China's Ministry of Education says that the networks of all China's schools shall be subject to monitoring and education departments at each level shall conduct regular checkups on these networks and guide the schools in installing green online filtering software to remove bad information.
Meanwhile, the ministry has also issued a circular requiring all of its affiliates to strengthen the moral education of students regarding the use of the Internet and effectively resist a possible negative impact of the Internet on primary and secondary students. The ministry believes that the wide use of such new media as the Internet and mobile phones has brought about a negative influence on teenagers as well as opening up new entertainment channels for them.
The ministry requires its affiliates to train students to use the Internet lawfully; to say no to abusive, obscene, sexual, and offensive words; and to learn to protect themselves in the Internet environment.
The ministry proposes that students shall be encouraged to report any bad websites or illegal information providers in the course of their Internet or mobile phone use. The ministry has also not made it clear if the Green Dam Youth Escort software is to be used by schools.
Last year, the Chinese government sent notices to major PC makers, asking them to pre-install the Green Dam Youth Escort software, which aims to prevent young people from harmful information and pornographic websites, in their PCs sold in China after July 1, 2009. However this move was later delayed.

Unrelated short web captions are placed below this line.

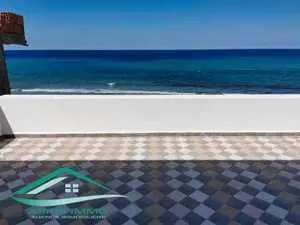 Maison S+4 pieds dans l’eau à plage dar allouche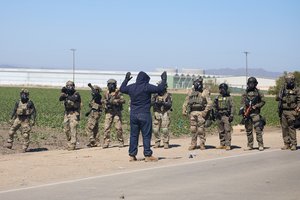 JAV valdžios pareigūnai gina agresyvius reidus prieš imigrantus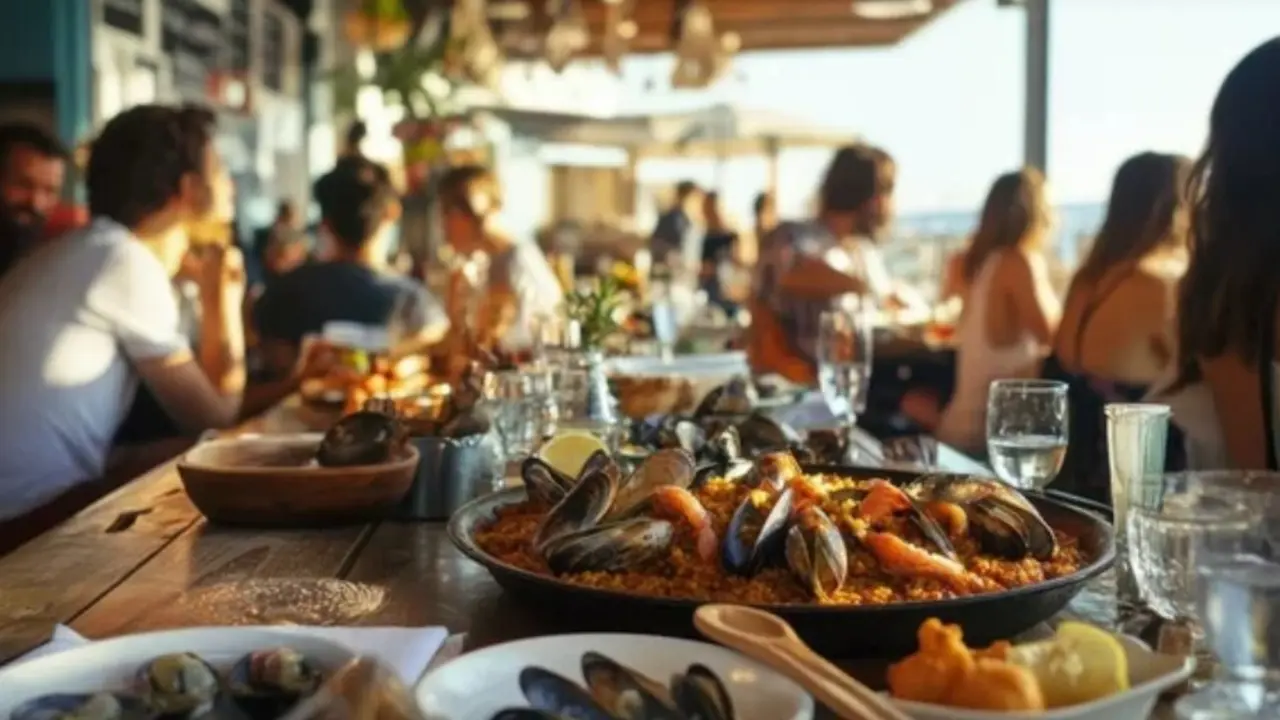 Disfrutar de un buen arroz con marisco junto al mar es uno de los grandes placeres gastron&oacute;micos de Cantabria.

Then two weeks ago, U.S.-based Cybersitter LLC filed a USD2.2 billion civil action in federal court in Los Angeles against the People's Republic of China, two Chinese software makers, and seven major computer manufacturers for misappropriation of trade secrets, unfair competition, copyright infringement and conspiracy in connection with their distribution of Green Dam Youth Escort, the software promoted in 2009 by Chinese government agencies to help block access to pornographic and illegal websites. The computer manufacturers named in the conspiracy reportedly include Sony, Lenovo, Toshiba, Acer, ASUSTeK, BenQ and Haier.
Cybersitter's complaint alleges that the Chinese makers of Green Dam illegally copied over 3,000 lines of code from its own Internet content filtering software, Cybersitter, and conspired with the Chinese government and computer manufacturers to distribute over 56 million copies of the infringing software throughout China and to Chinese speakers globally.